Mais un communiqué de l’AMA, diffusé dans la soirée du lundi 25 novembre, donne à la menace une tournure nettement plus concrète. L’agence internationale basée à Montréal précise la nature de la recommandation de son Comité de révision de la conformité. Elle se révèle sans égale dans l’histoire pourtant riche du sport russe.
Le CRC recommande une suspension de la Russie pour une période de 4 ans. En clair, toute une olympiade. Le pays serait privé des Jeux d’été de Tokyo 2020, puis il manquerait ceux d’hiver à Pékin en 2022. Dans les deux cas, la délégation d’athlètes russes ne porterait pas les couleurs de la nation. Elle défilerait sous drapeau neutre. Un « remake » des Jeux d’hiver de PyeongChang 2018.

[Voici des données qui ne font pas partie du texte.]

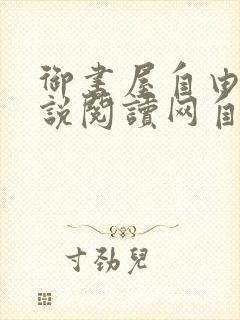 御书屋自由的小说阅读网自由阅读小说排行榜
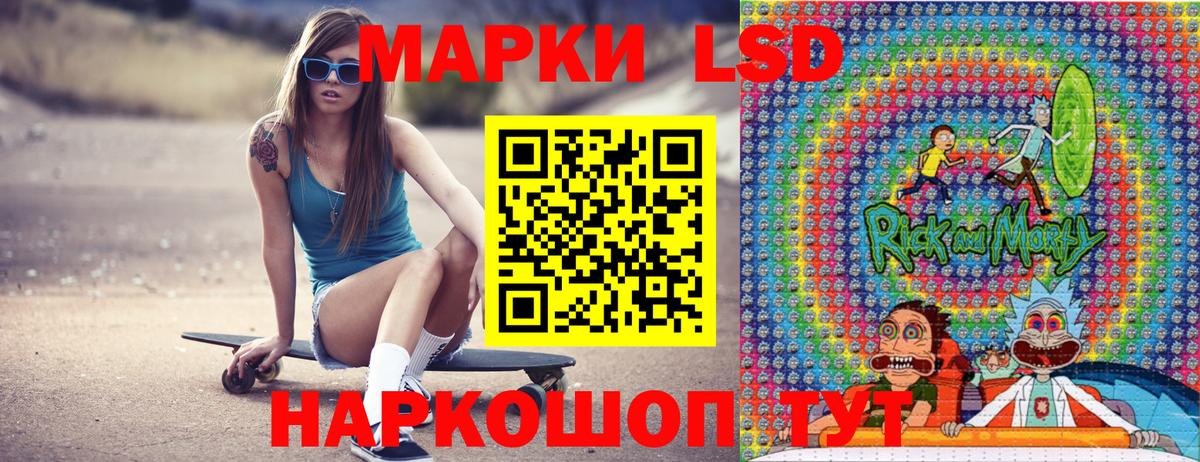 Марки N-bome 1,5мг Иваново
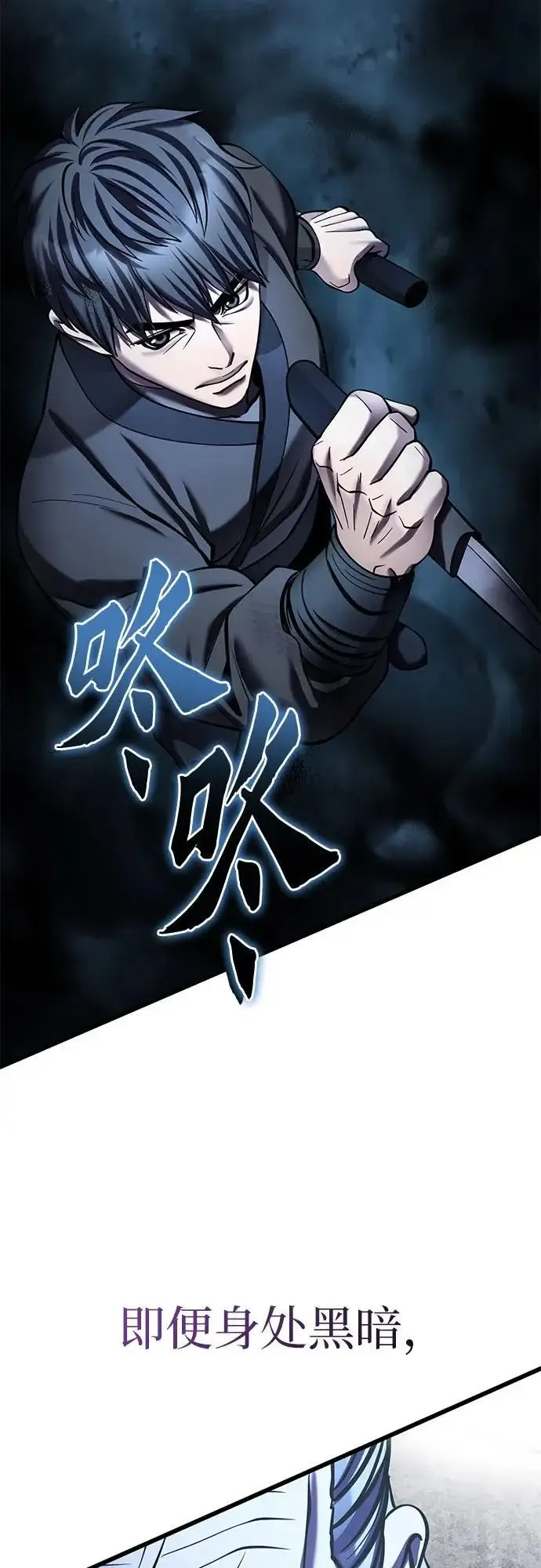 漫画《彭家四公子》第188话第3张图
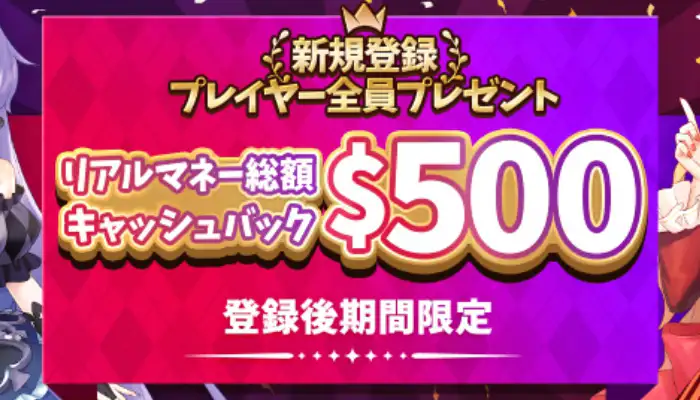 インターカジノの初回入金キャッシュバック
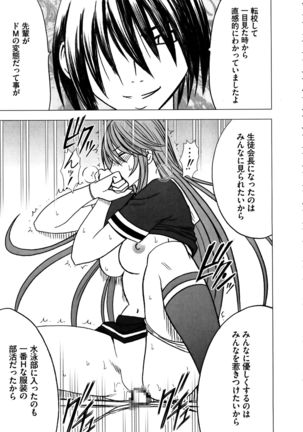 Virgin Control ~Takane no Hana o Tsumu you ni~ Page #163
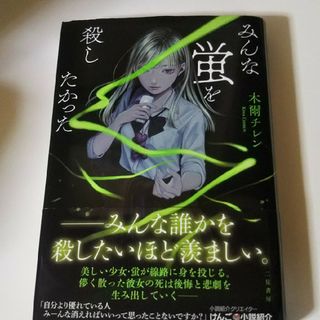 みんな蛍を殺したかった(文学/小説)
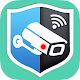 スマートホームセキュリティ, 家庭用のIP監視カメラ Windowsでダウンロード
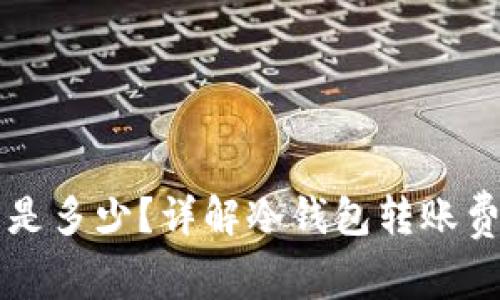 转冷钱包手续费是多少？详解冷钱包转账费用及其影响因素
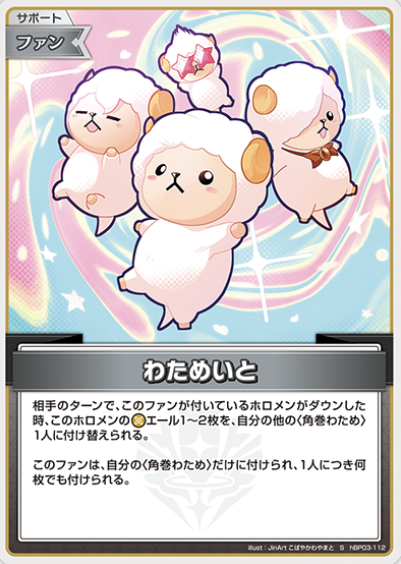 hBP03-112 S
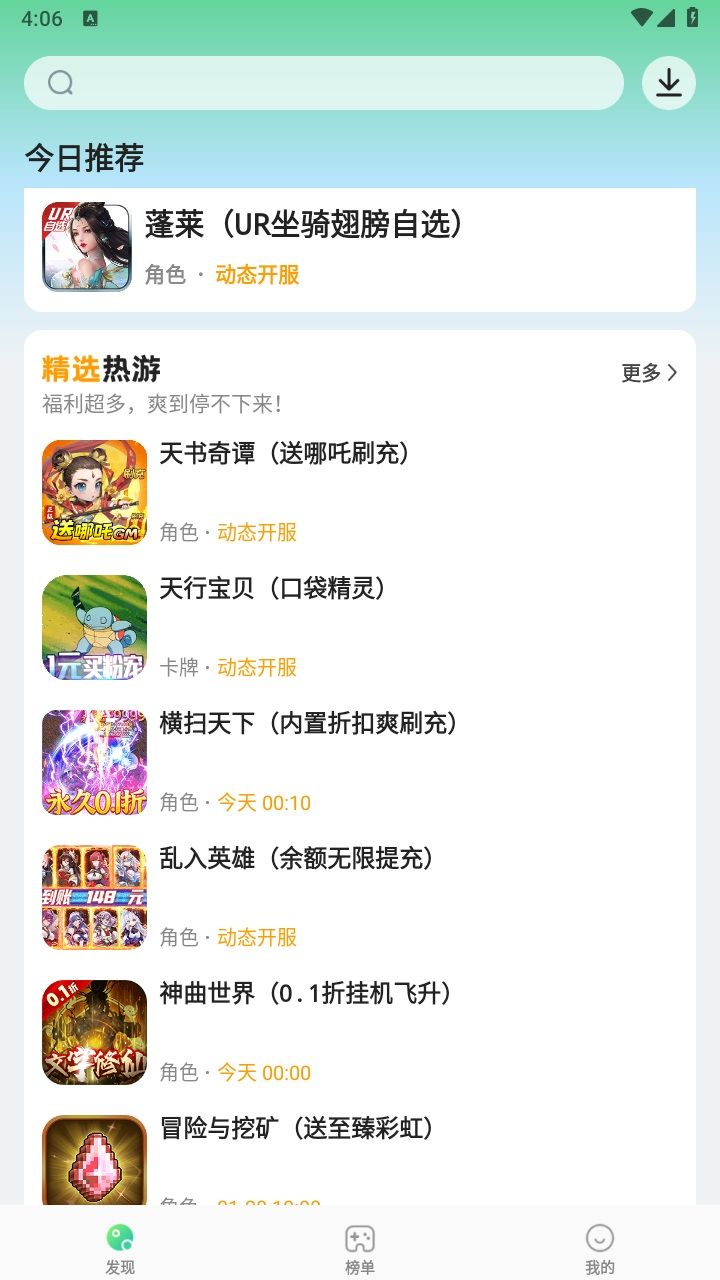 骑士助手官方正版 8.0.1最新版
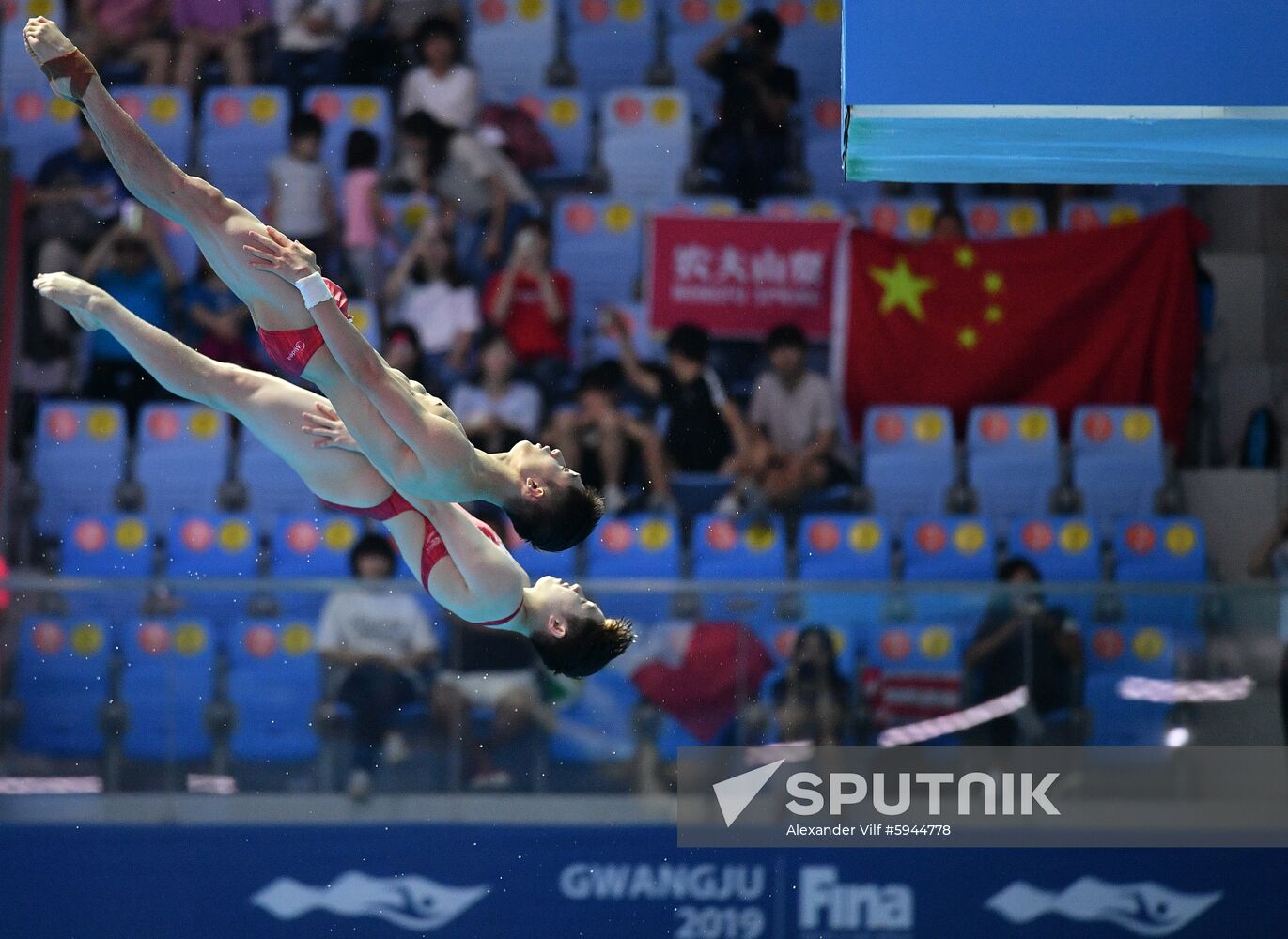 South Korea Aquatics Worlds Platform Synchro Mixed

Pire : le CRC recommande à l’AMA d’étendre la suspension de la Russie à toutes les grandes compétitions internationales au cours de la même période. La neutralité des athlètes du pays, jusque-là seulement observée aux Jeux d’hiver 2018, aux Jeux paralympiques (2016 et 2018), et aux Mondiaux d’athlétisme (2017 et 2019), deviendrait la norme. Le drapeau russe disparaîtrait de tous les championnats du monde au cours des 4 prochaines années.

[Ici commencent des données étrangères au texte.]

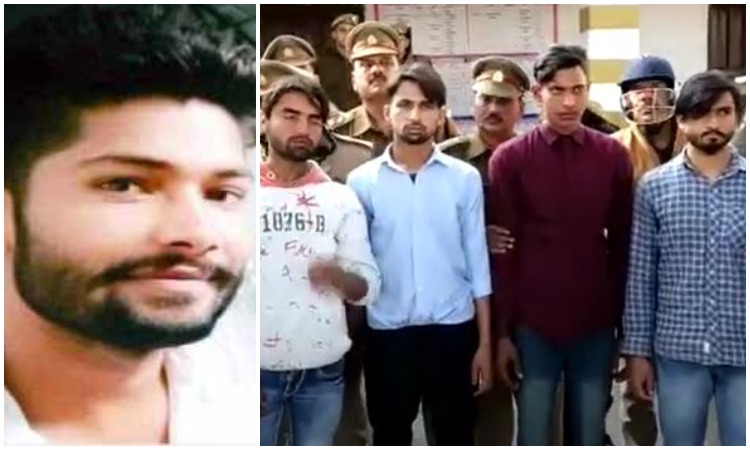 Uttar Pradesh: Shadab, Sariq, Shahbaz, Shehzad arrested after shooting dead Rachit Jat in full public view, NSA slapped on them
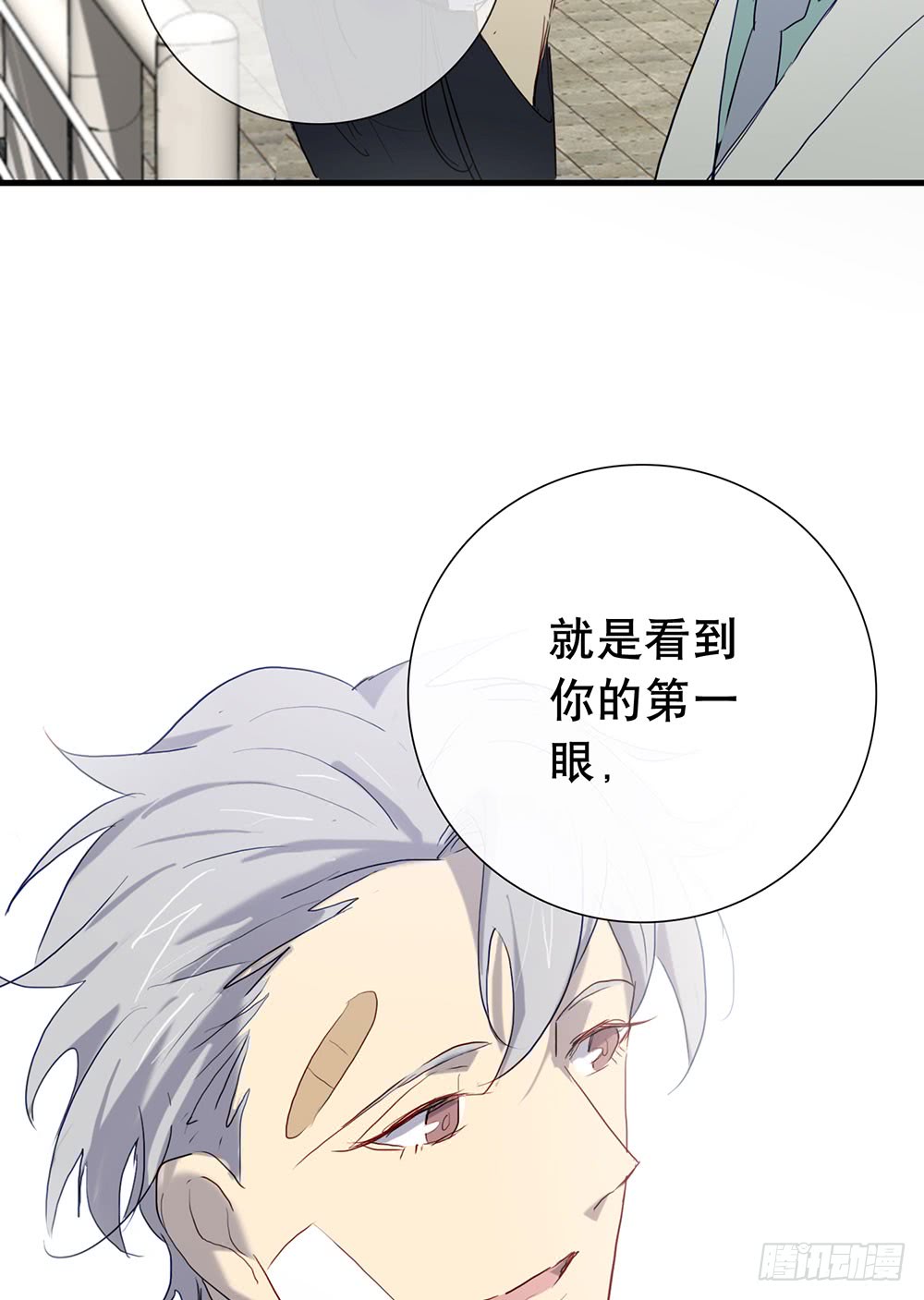 还债-第88话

L’AMA le précise dans son communiqué : les athlètes russes pourraient être éligibles aux grandes compétitions internationales à la condition d’être « en mesure de démontrer qu’ils ne sont impliqués en aucune manière » dans les affaires de dopage. Il reviendrait donc aux fédérations internationales d’étudier au cas par cas les demandes des athlètes russes. World Athletics le fait depuis plus de 3 ans. Les autres pourraient devoir s’y plier à leur tour.
Mais le Comité de révision de la conformité ne s’arrête pas à cette seule recommandation. Ses membres poussent le bouchon nettement plus loin. Ils proposent d’interdire à tous les fonctionnaires du gouvernement russe d’assister aux événements sportifs internationaux.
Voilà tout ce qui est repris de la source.